◆ **Required work**
Only the lines from the one containing "Mehrere Personen, teils" to the end of the data should be copied, exactly and without pictures.

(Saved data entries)
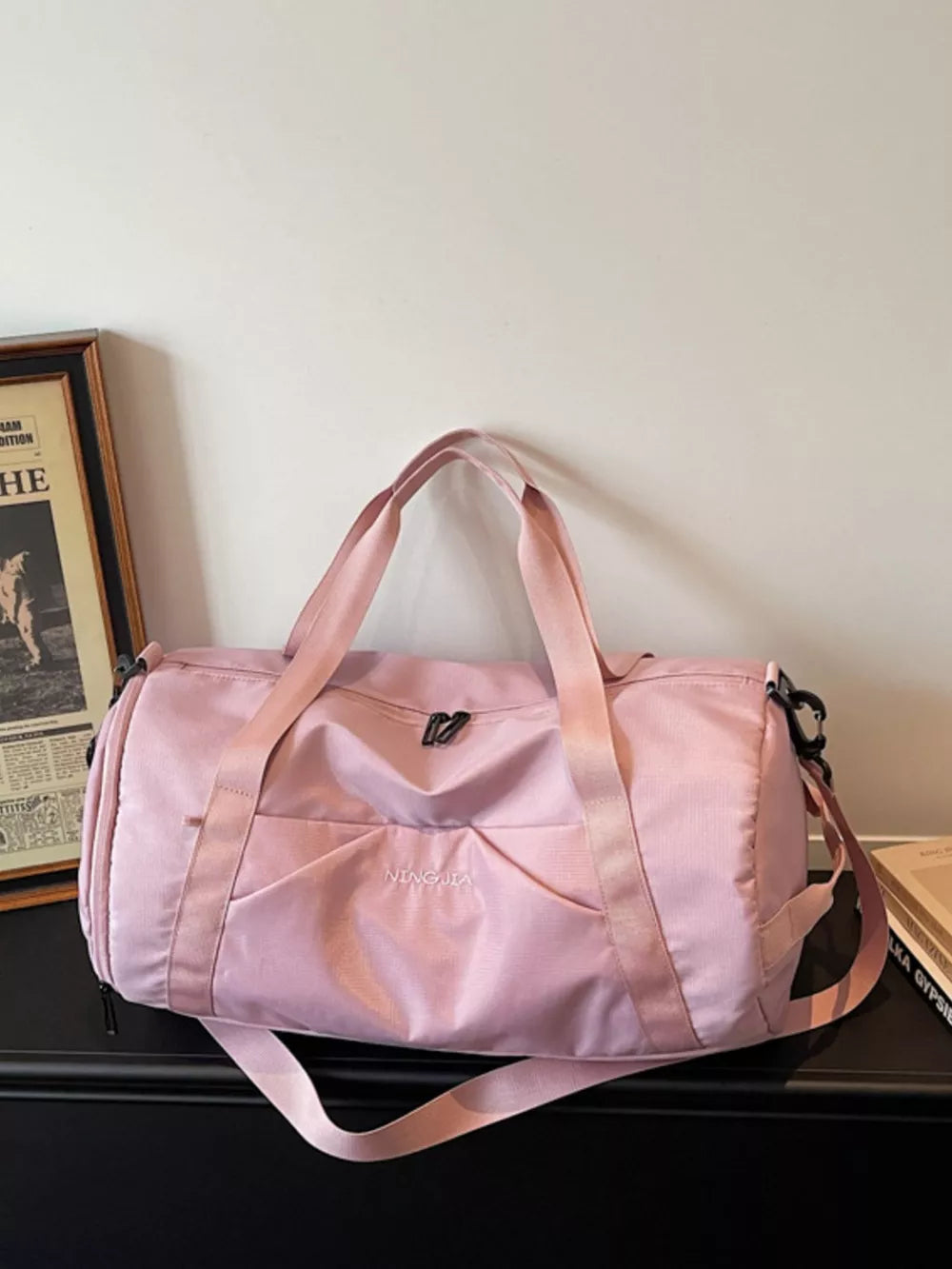 Pink nylon travel duffle bag with multiple pockets and adjustable strap.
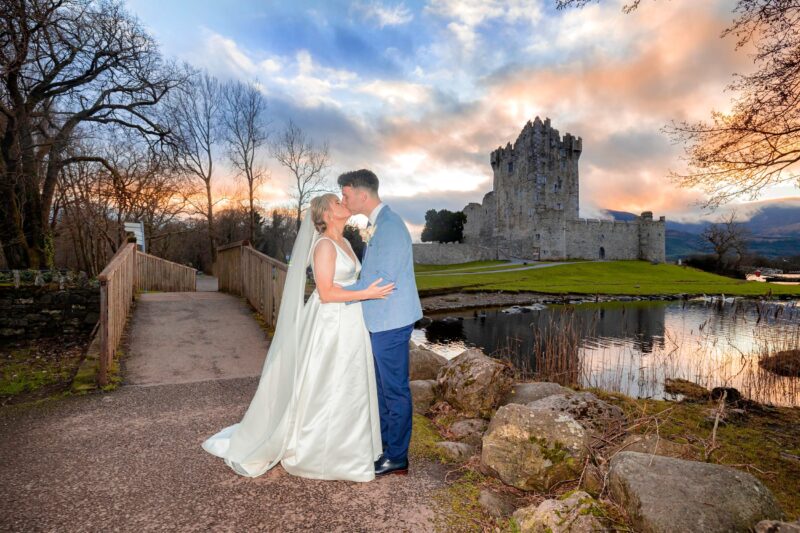 Bride and groom sharing a quiet moment at sunset with Ross Castle behind them Killarney Co Kerry-JOD'Photography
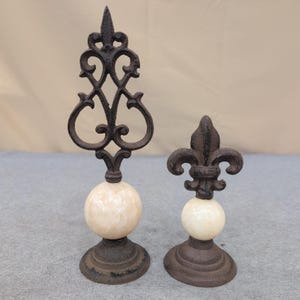 Juego de 2 remates decorativos de hierro fundido y piedra con diseño de flor de lis, color marrón crema. imagen 1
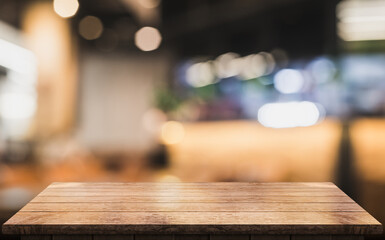 Empty wooden table top with lights bokeh on blur restaurant background.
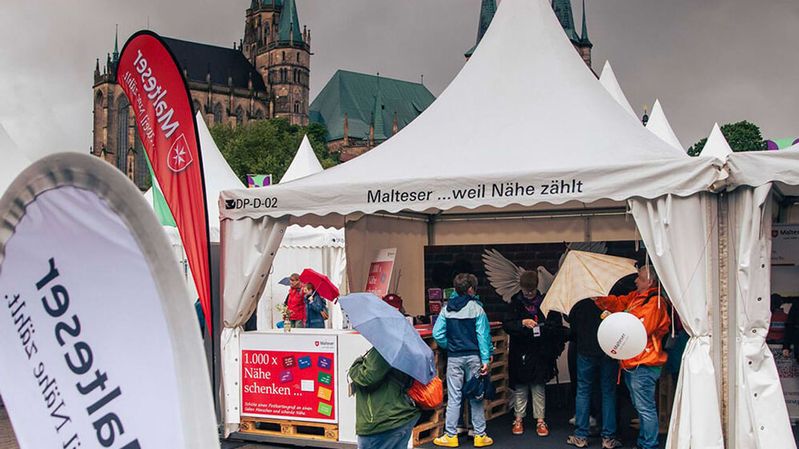 Mehrere Personen, teils mit Regenschirmen in der Hand, stehen unter einem weißen Zelt.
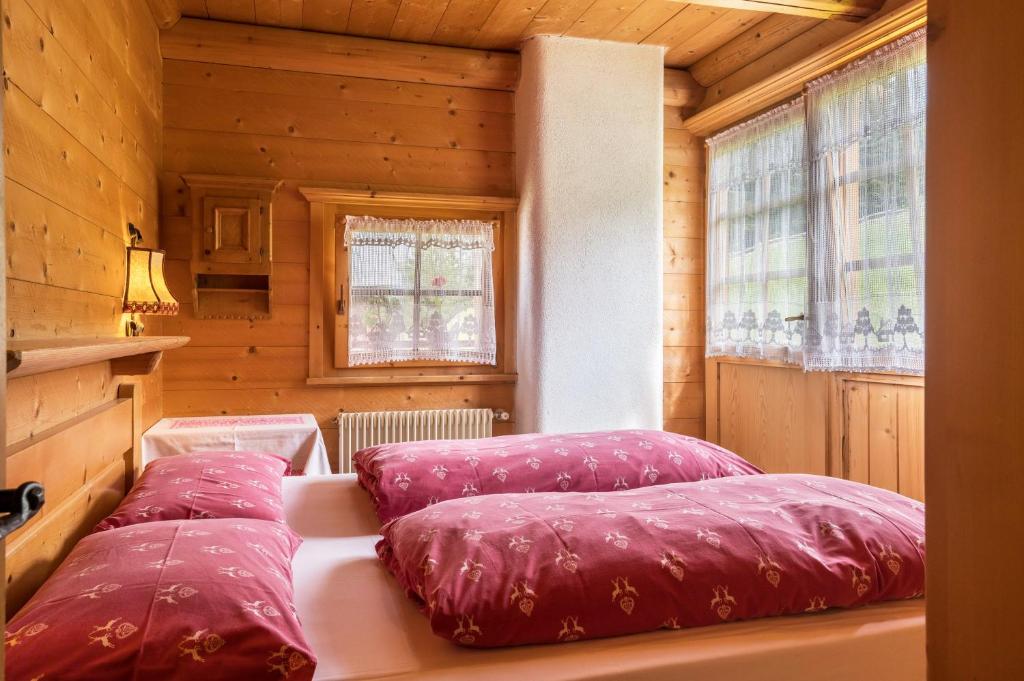 Postel nebo postele na pokoji v ubytování Baita Pecol Passo Pordoi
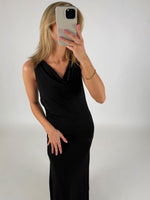 En person i en sort kjole tager et selfie med en smartphone. Personen har blond hår og neglelak, og rummet har en lys baggrund.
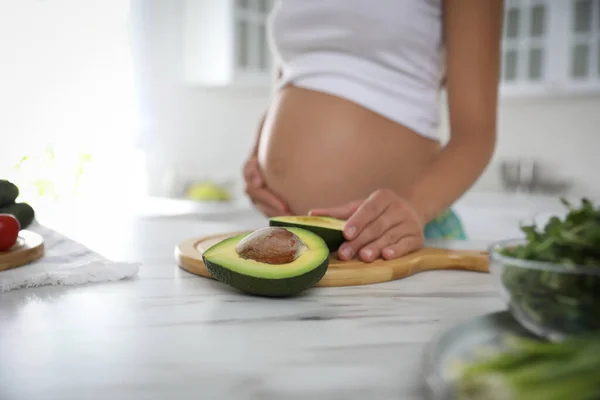 Jovem Grávida Com Abacate Mesa Cozinha Close Cuidar Saúde Bebê — Fotografia de Stock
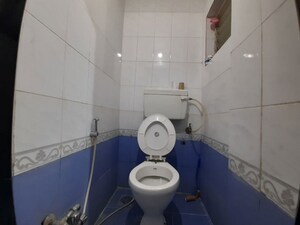Bathroom in 2 BHK Apartment at New Dindoshi Hill View, Goregaon East – for Rent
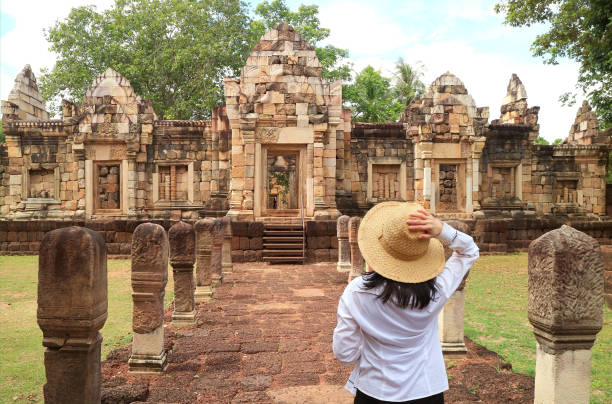 Female Traveler Visiting Prasat Sdok Kok Thom Khmer Temple, Archaeological Site in Sa Kaeo Province, Thailand Female Traveler Visiting Prasat Sdok Kok Thom Khmer Temple, Archaeological Site in Sa Kaeo Province, Thailand, ( Self Portrait ) khmer stock pictures, royalty-free photos & images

◆ **Response to the task**
 Mehrere Personen, teils mit Regenschirmen in der Hand, stehen unter einem weißen Zelt.
 Postel nebo postele na pokoji v ubytování Baita Pecol Passo Pordoi
 En person i en sort kjole tager et selfie med en smartphone. Personen har blond hår og neglelak, og rummet har en lys baggrund.
 Jovem Grávida Com Abacate Mesa Cozinha Close Cuidar Saúde Bebê — Fotografia de Stock
Bathroom in 2 BHK Apartment at New Dindoshi Hill View, Goregaon East – for Rent
 Female Traveler Visiting Prasat Sdok Kok Thom Khmer Temple, Archaeological Site in Sa Kaeo Province, Thailand Female Traveler Visiting Prasat Sdok Kok Thom Khmer Temple, Archaeological Site in Sa Kaeo Province, Thailand, ( Self Portrait ) khmer stock pictures, royalty-free photos & images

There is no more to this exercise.